I’ll post what I have so far, as requested and because someone might pick up a way forward from the end result. It is also too long for a comment but should not be considered a solution to the problem. I feel that there might actually be a closed from worth chasing.
Firstly the function of interest has the integral representation of $$u\left( x,y,t \right)=\int\limits_{0}^{\infty }{{{e}^{-ts}}\sinh \left( \pi s \right){{K}_{is}}\left( x \right){{K}_{is}}\left( y \right)ds}.$$ It should be noted that this function appears to satisfy a diffusion like differential equation, so it might help to post some background information regarding where all this has come from. The reason I say that is that these sort of integrals – in terms of Lebedev’s transform / index transforms – have a very natural setting in eigenfunction expansions (see Titchmarsh - eigenfunction expansions vol 1). So there might be a natural interpretation of it, and it’s properties, within that framework. Note the identity $${{e}^{-ts}}=\frac{2}{\pi }\int\limits_{0}^{\infty }{\frac{w}{{{w}^{2}}+{{s}^{2}}}\sin \left( wt \right)du}\ \ \ \ \operatorname{Re}\left( t,s \right)>0$$ And so we have $$\frac{\partial }{\partial t}u\left( x,t \right)=-\int\limits_{0}^{\infty }{\frac{s}{{{w}^{2}}+{{s}^{2}}}\sinh \left( \pi s \right){{K}_{is}}\left( x \right){{K}_{is}}\left( y \right)ds}\frac{2}{\pi }\int\limits_{0}^{\infty }{w\sin \left( wt \right)dw}$$ Now from Bateman’s Integral Transforms vol. 2 pg 176 12.1.8 we have $$\int\limits_{0}^{\infty }{\frac{s}{{{n}^{2}}+{{s}^{2}}}\sinh \left( \pi s \right){{K}_{is}}\left( x \right){{K}_{is}}\left( y \right)ds}=\left\{ \begin{matrix} \frac{{{\pi }^{2}}}{2}{{I}_{n}}\left( y \right){{K}_{n}}\left( x \right) & 0<y<x \\ \frac{{{\pi }^{2}}}{2}{{I}_{n}}\left( x \right){{K}_{n}}\left( y \right) & x<y<\infty \\ \end{matrix} \right.$$ This is for n, a natural number. Suppose we can analytically continue it then we would have for example
$$\frac{\partial }{\partial t}u\left( x,y,t \right)=-\pi \int\limits_{0}^{\infty }{w{{I}_{w}}\left( y \right){{K}_{w}}\left( x \right)\sin \left( wt \right)dw}$$
for $0<y<x$, and a similar representation for $x<y$ etc.
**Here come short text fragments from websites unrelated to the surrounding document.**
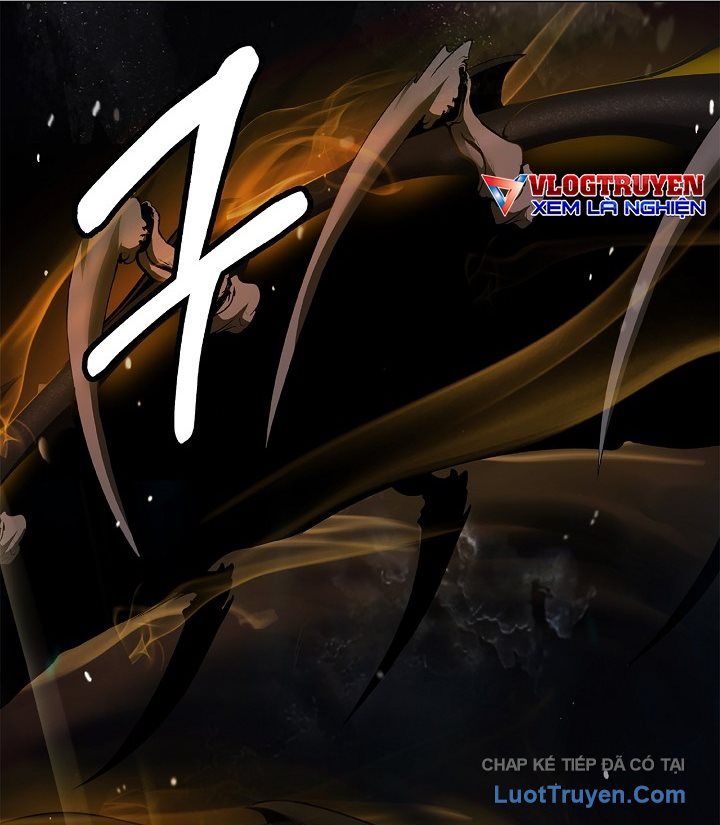 Lãng Tiên Kỳ Đàm Chap 224 - Next Chap 225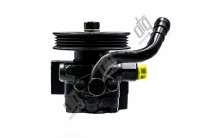 Насос ГПК Chevrolet Spark 2010-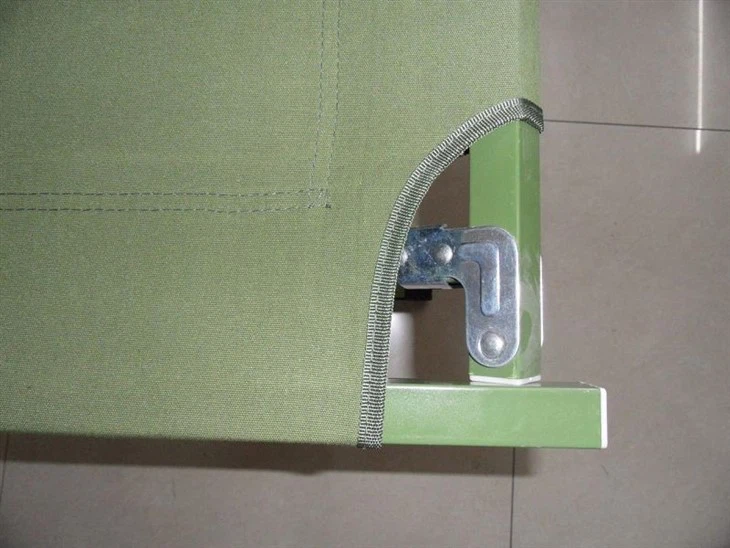 image003(001) image003(001)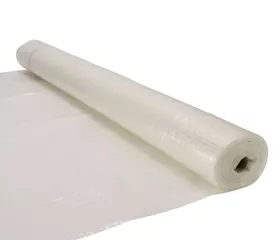 ZP-ZZ-22-12  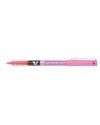 ROLLER HI-TECPOINT V5 ROSA PILOT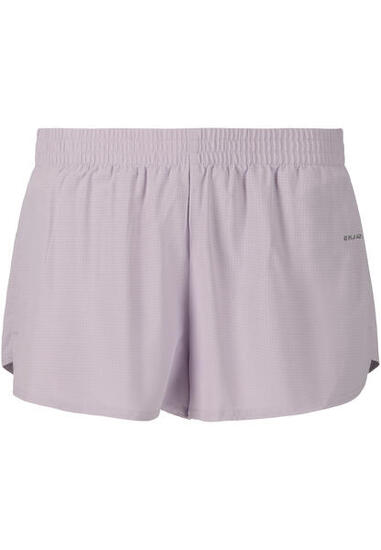 Shorts Comily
Integrating we find $$u\left( x,y,t \right)=\pi \int\limits_{0}^{\infty }{{{I}_{w}}\left( y \right){{K}_{w}}\left( x \right)\cos \left( wt \right)dw}+{{c}_{1}}\left( x,y \right)\ \ \ \ 0<y<x$$ $$u\left( x,y,t \right)=\pi \int\limits_{0}^{\infty }{{{I}_{w}}\left( x \right){{K}_{w}}\left( y \right)\cos \left( wt \right)dw}+{{c}_{2}}\left( x,y \right)\ \ \ \ 0<x<y$$
Note: ${{K}_{w}}\left( x \right)\sim \sqrt{\frac{\pi }{2w}}{{\left( \frac{ex}{2w} \right)}^{-w}}$ and ${{I}_{w}}\left( x \right)\sim \sqrt{\frac{\pi }{2w}}{{\left( \frac{ex}{2w} \right)}^{w}}$ for large w. Now observe that from the original representation that $\underset{t\to \infty }{\mathop{\lim }}\,u\left( x,y,t \right)=0$, by the Riemann-Lebesgue lemma. Therefore also by RL the first term in the above representations becomes zero in the limit, and hence we must have therefore ${{c}_{1}}={{c}_{2}}=0$. We have then $$u\left( x,y,t \right)=\pi \int\limits_{0}^{\infty }{{{\kappa }_{w}}\left( x,y \right)\cos \left( wt \right)dw}$$
where $\kappa$ takes on the different forms depending on $x<y$ or $y<x$. At the moment the reason why I think all this works and is worth pursuing is that a numerical integration comparison of this representation to that of the original representation is spot-on to many decimal places for a wide range of x,y that I have tested. Obviously not a proof, but I think one can ‘feel' that the justification to move n away from the naturals and to a real number wouldn’t be a stretch. Another reason is that if you now use Lebedev’s formula (pg 140 from special functions), you will arrive at the formula you have already derived (second last formula). Since Lebedev's formula is valid for arbitrary indices, then this might end up constituting a 'proof' of continuation.
Note from the form above we have $${{\hat{u}}_{C}}\left( x,y,w \right)=\pi {{K}_{w}}\left( x \right){{I}_{w}}\left( y \right)$$ where ${{\hat{u}}_{C}}$ is the cosine transform of u, which may be useful (?). I have various other representations but nothing that is heading to anything I’d call ‘closed’.